**TASK REQUIREMENTS**
What follows is a listing to transcribe exactly, leaving the pictures out.

**DATASET SECTION**
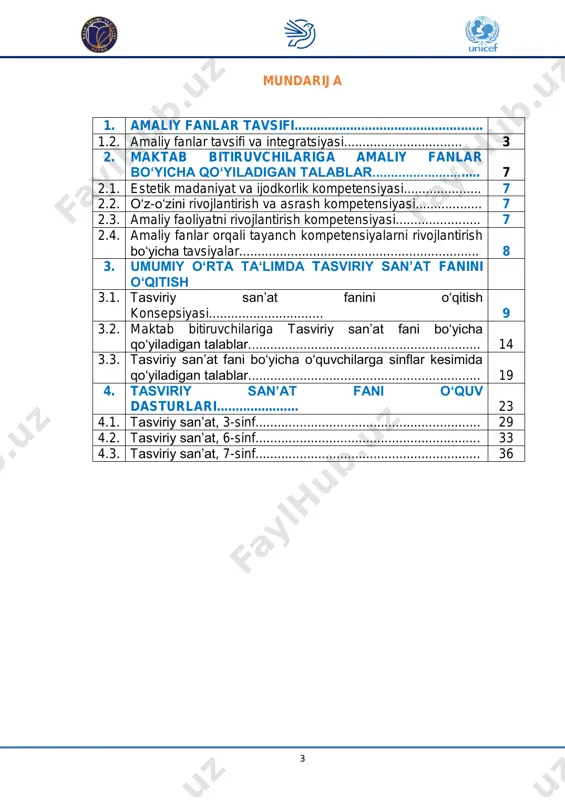 zmachilik darslarida chizmalar sirkul va chizg‘ichlar chizishni o‘rganishgan bo‘lsa, hozirgi kunda buning o‘zi yetarli bo‘lmay qoldi. bugungi kunda butun dunyo maktab o‘quvchilarini robototexnika, modellashtirish, konstruksiyalashtirish, programmalashtirish, 3d- loyihalashtirish va boshqa ko‘plab yangiliklar qiziqtirmoqda. bunday qiziqishlarni amalda sinab ko‘rish uchun yanada murakkabroq bilim, ko‘nikma, malakalarni egallash va kompenesiyalarni shakllantirish zarur bo‘ladi. bu o‘rinda nafaqat bilish va uddalay olish balki, tadqiqot olib borish va ixtiro qilish talab etiladi. steam-ta’limi dts asosida beriladigan bilim, ko‘nikma va malakalarning ilmiy jihatdan qanday qilib kundalik hayot bilan bog‘liqligini ko‘rsatish orqali sinfdagi dars mashg‘ulotlari va maktabdan tashqari ta’lim jarayonida o‘quvchilarning o‘quv tadqiqotlar ini o‘tkazish, tajribalarni bajarib ko‘rish, loyihalashtirishga yo‘naltirilgan ijodkorligini tarbiyalash, yangiliklar yaratishga bo‘lgan qiziqishlarini rivojlantirishga qaratilgan. 5 musiqa madaniyati o‘quv predmeti o‘quvchilarning ma’naviy, badiiy va axloqiy madaniyatini rivojlantirishga, milliy g‘urur va vatanparvarlik tarbiyasini amalga oshirishga, ijodiy mahorat, nafosat va badiiy didni o‘stirishga xizmat qiladi. shuningdek, o‘zbek, klassik va zamonaviy san’at haqidagi boshlang‘ich bilimlarni o‘zlashtirishga, musiqiy asarlarni …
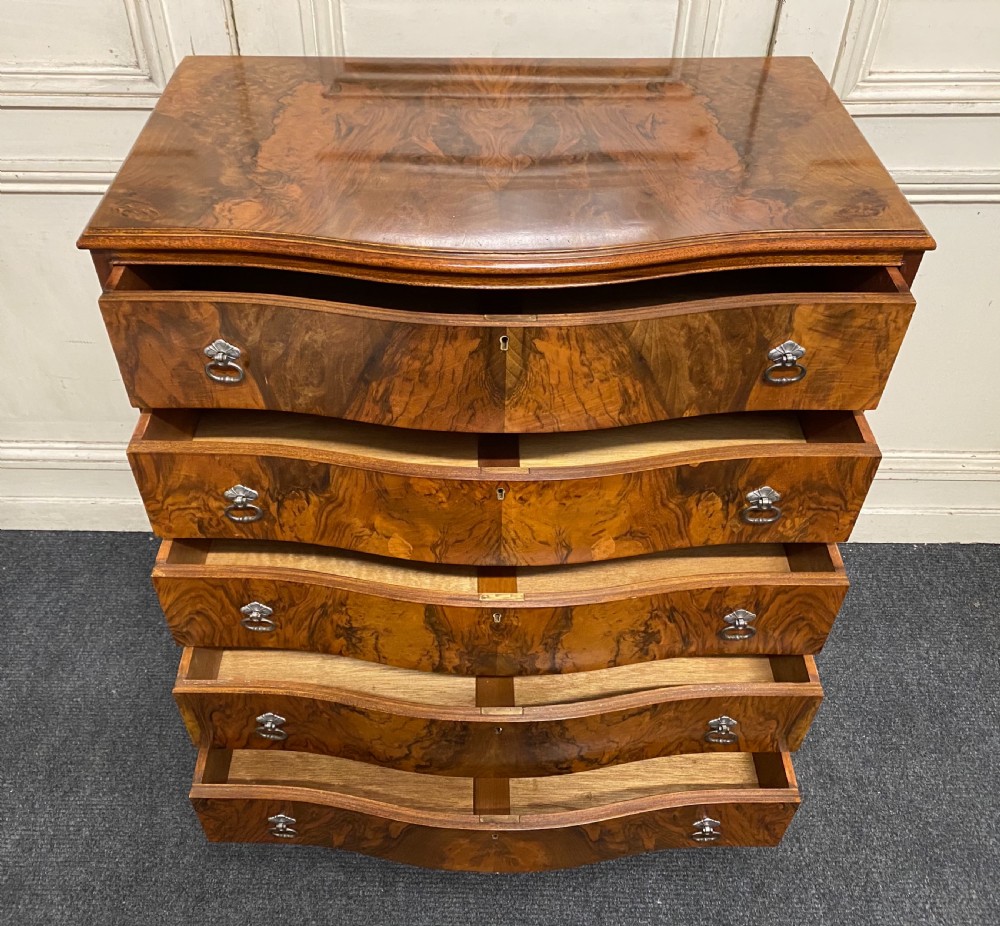 Burr Walnut Serpentine Chest of Drawers View III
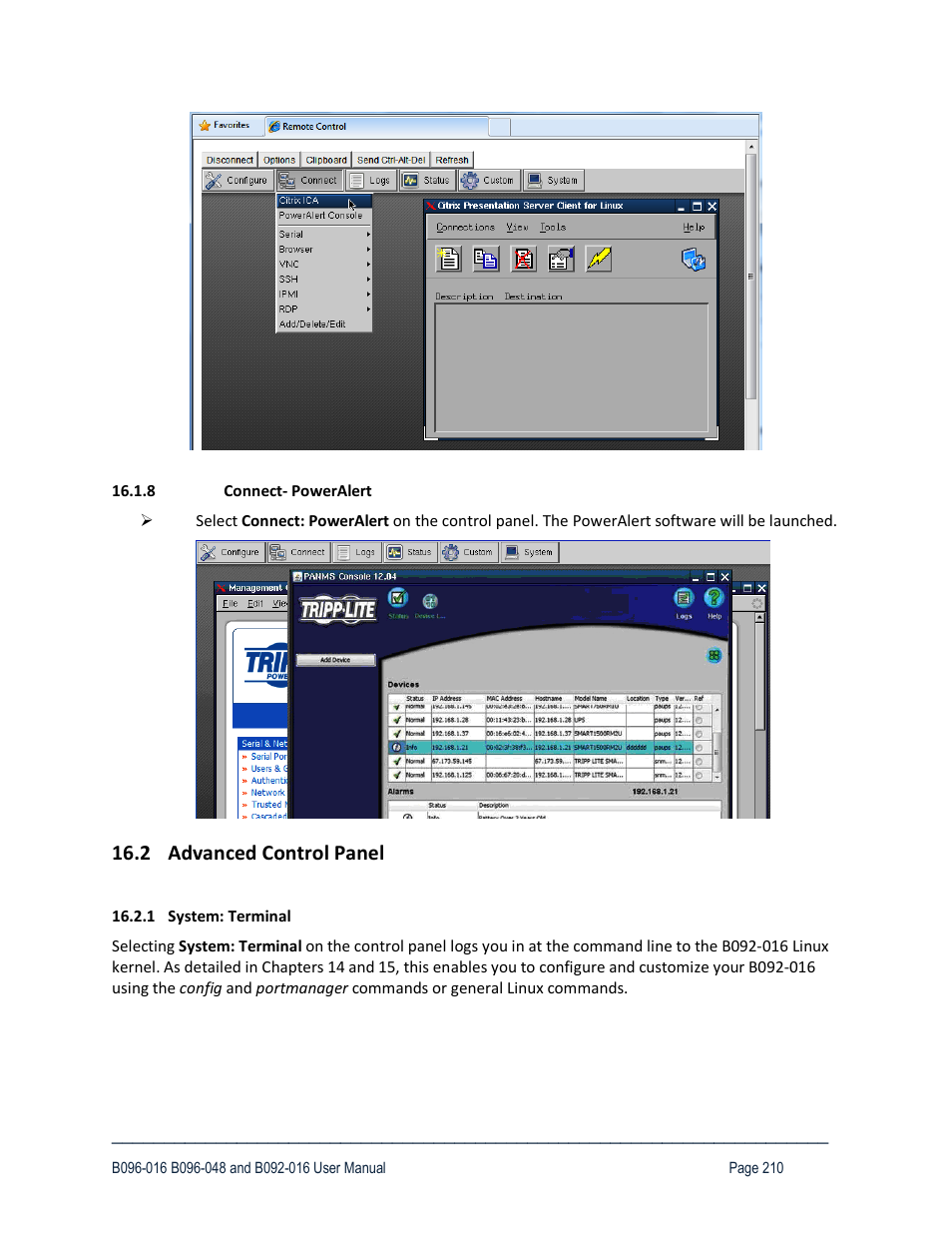 2 advanced control panel | Tripp Lite 93-2879 User Manual | Page 210 / 224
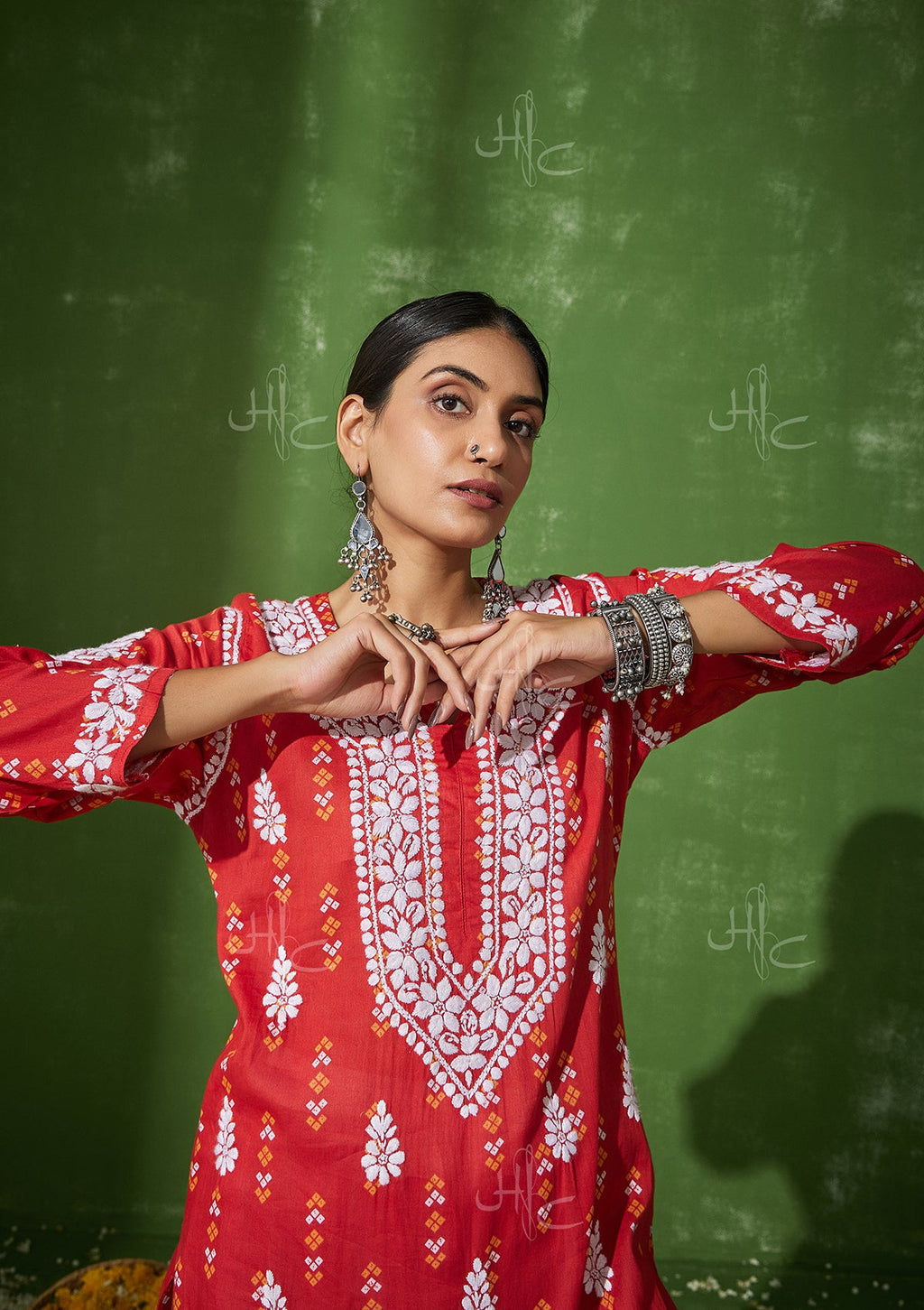 HOC Women Mira Chikankari Mulmul Straight Kurta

**WRITTEN RESPONSE**
 zmachilik darslarida chizmalar sirkul va chizg‘ichlar chizishni o‘rganishgan bo‘lsa, hozirgi kunda buning o‘zi yetarli bo‘lmay qoldi. bugungi kunda butun dunyo maktab o‘quvchilarini robototexnika, modellashtirish, konstruksiyalashtirish, programmalashtirish, 3d- loyihalashtirish va boshqa ko‘plab yangiliklar qiziqtirmoqda. bunday qiziqishlarni amalda sinab ko‘rish uchun yanada murakkabroq bilim, ko‘nikma, malakalarni egallash va kompenesiyalarni shakllantirish zarur bo‘ladi. bu o‘rinda nafaqat bilish va uddalay olish balki, tadqiqot olib borish va ixtiro qilish talab etiladi. steam-ta’limi dts asosida beriladigan bilim, ko‘nikma va malakalarning ilmiy jihatdan qanday qilib kundalik hayot bilan bog‘liqligini ko‘rsatish orqali sinfdagi dars mashg‘ulotlari va maktabdan tashqari ta’lim jarayonida o‘quvchilarning o‘quv tadqiqotlar ini o‘tkazish, tajribalarni bajarib ko‘rish, loyihalashtirishga yo‘naltirilgan ijodkorligini tarbiyalash, yangiliklar yaratishga bo‘lgan qiziqishlarini rivojlantirishga qaratilgan. 5 musiqa madaniyati o‘quv predmeti o‘quvchilarning ma’naviy, badiiy va axloqiy madaniyatini rivojlantirishga, milliy g‘urur va vatanparvarlik tarbiyasini amalga oshirishga, ijodiy mahorat, nafosat va badiiy didni o‘stirishga xizmat qiladi. shuningdek, o‘zbek, klassik va zamonaviy san’at haqidagi boshlang‘ich bilimlarni o‘zlashtirishga, musiqiy asarlarni …
 Burr Walnut Serpentine Chest of Drawers View III
 2 advanced control panel | Tripp Lite 93-2879 User Manual | Page 210 / 224
 HOC Women Mira Chikankari Mulmul Straight Kurta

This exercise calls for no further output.